**Data shown**
┄┄┄┄┄┄┄┄┄┄
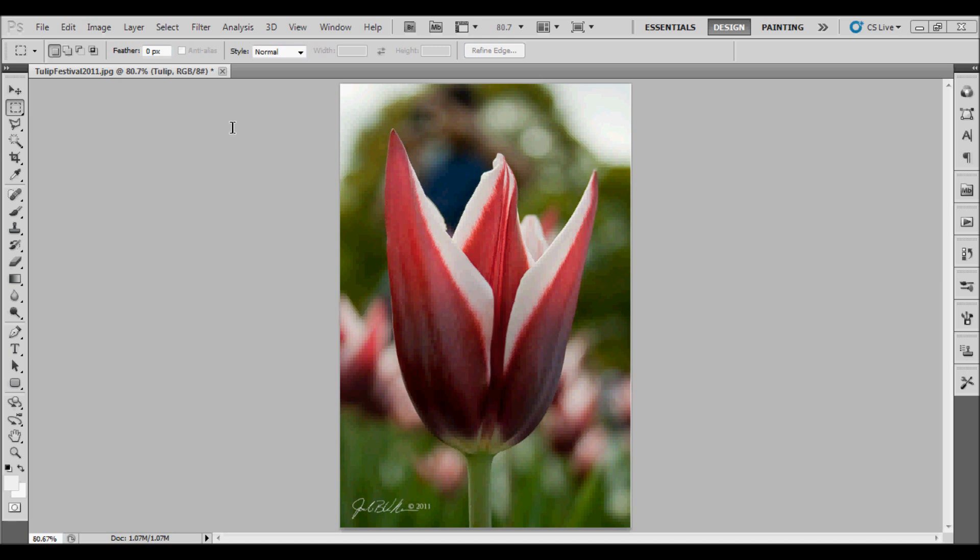As you can see, I currently have a photo open that I took at the Albany Tulip Festival in upstate New York.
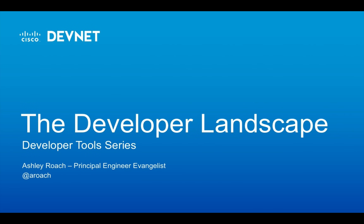Welcome back to the Developer Landscape series. In this series, I cover topics related to developer tools. These tools help developers get the job done with higher quality and convenience.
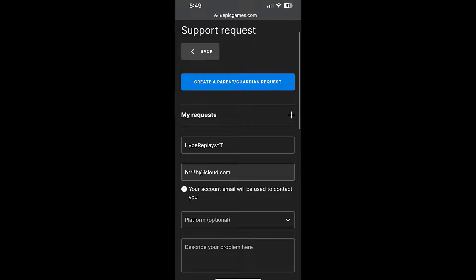Once you've clicked Contact Us, you'll see a Support Request form on screen. To get Fortnite on your iOS or Android device, make sure you have the right display name — mine says HypeReplays YT. Also make sure your email address is correct, as Epic Games will be emailing you. Below that, make sure your platform is set to Mobile, since you're getting Fortnite on a mobile device.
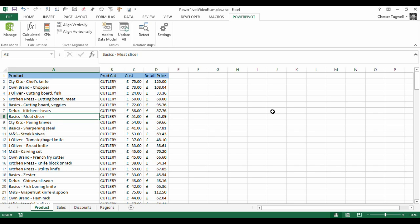Hi, it's Chester Tugwell at Blue Pecan Computer Training. In this video, we're going to look at how to add data within an Excel workbook to the PowerPivot data model.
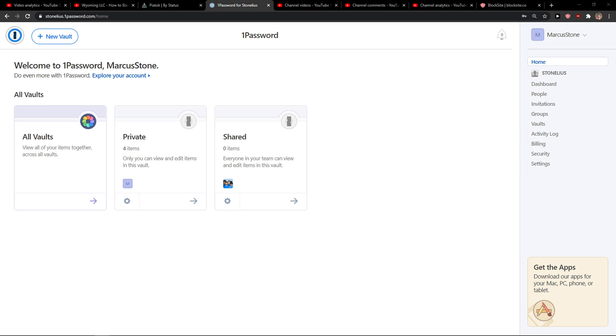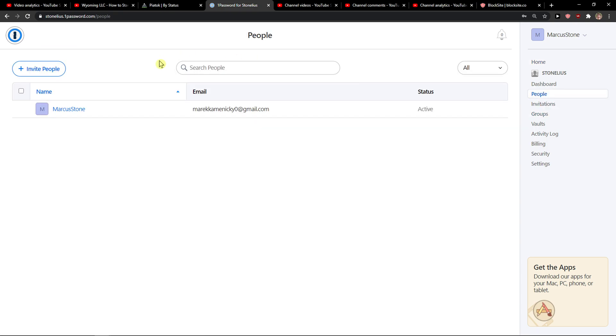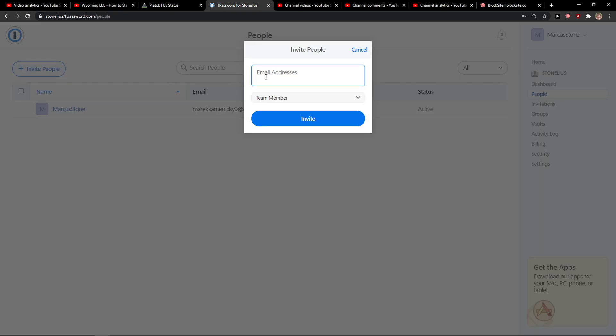Hey everybody, my name is Markus and in this video I'll show you a simple way how we can invite users to your 1Password account. So let's start. The first thing you want to do is just go to invite people right here, and then click invite people and enter the email address just right here.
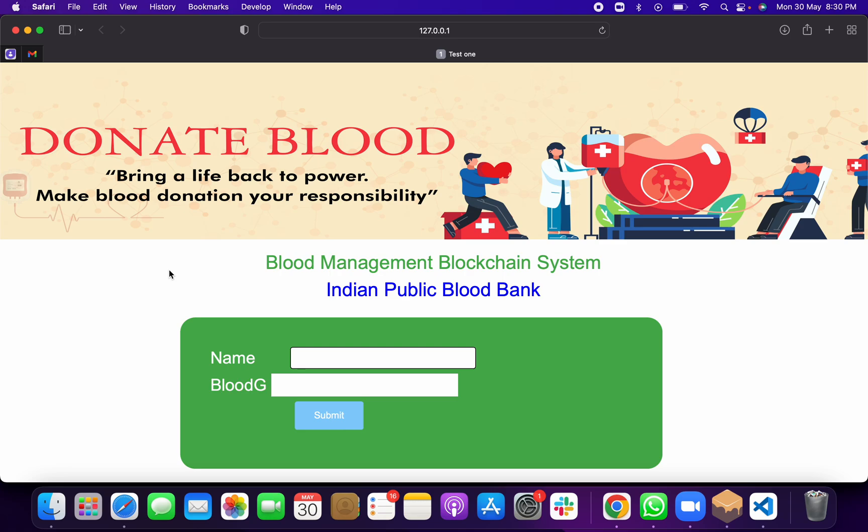In blockchain you can store all details and data cannot be directly deleted. If one block is deleted, there are several other blocks remaining — it's like the branches of a tree. If you cut one branch, the root and other branches still live. That is how blockchain works, and that's why we call it decentralized.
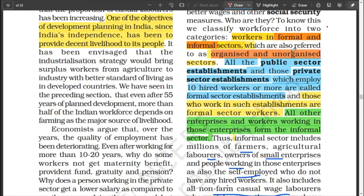Workers in formal and informal sectors are referred to as organized and unorganized sector workers. The formal sector includes all public sector establishments — government-owned — and also private establishments when they employ 10 or more hired workers. So you know a worker is in the formal sector when there are 10 or more hired workers.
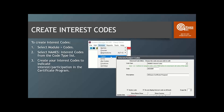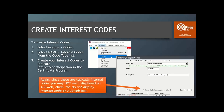Interest codes: create a unique interest code for your certificate program. As you're building interest codes, you have the option to hide those interest codes on ACEweb. You may or may not want them appearing in the ACEweb dropdown where a student creates a new account. Unless this is some internal code, you might want to have an option on your website for students to indicate they're interested and want information about the program.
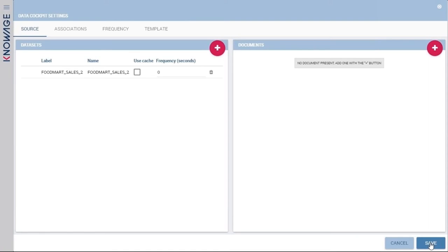There is a Use Cache button to enable caching for your datasets, and a Frequency option useful when you have real-time data and want to set the refresh frequency — in that case you do not check Use Cache. On the right side is the documents area. In a KnowAge cockpit you can add other documents defined inside KnowAge — for example a PDF or Office document, a report, or other document types. You click Add and include it in the list of documents to show inside your cockpit.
┄┄┄┄┄┄┄┄┄┄
**What the task asks**
Here the job is to copy the listing above word for word, starting at the line with "Once you've clicked" and ending at the line with "Hey everybody, my", and to leave out the pictures.

**Result of the task**
Once you've clicked Contact Us, you'll see a Support Request form on screen. To get Fortnite on your iOS or Android device, make sure you have the right display name — mine says HypeReplays YT. Also make sure your email address is correct, as Epic Games will be emailing you. Below that, make sure your platform is set to Mobile, since you're getting Fortnite on a mobile device.
Hi, it's Chester Tugwell at Blue Pecan Computer Training. In this video, we're going to look at how to add data within an Excel workbook to the PowerPivot data model.
Hey everybody, my name is Markus and in this video I'll show you a simple way how we can invite users to your 1Password account. So let's start. The first thing you want to do is just go to invite people right here, and then click invite people and enter the email address just right here.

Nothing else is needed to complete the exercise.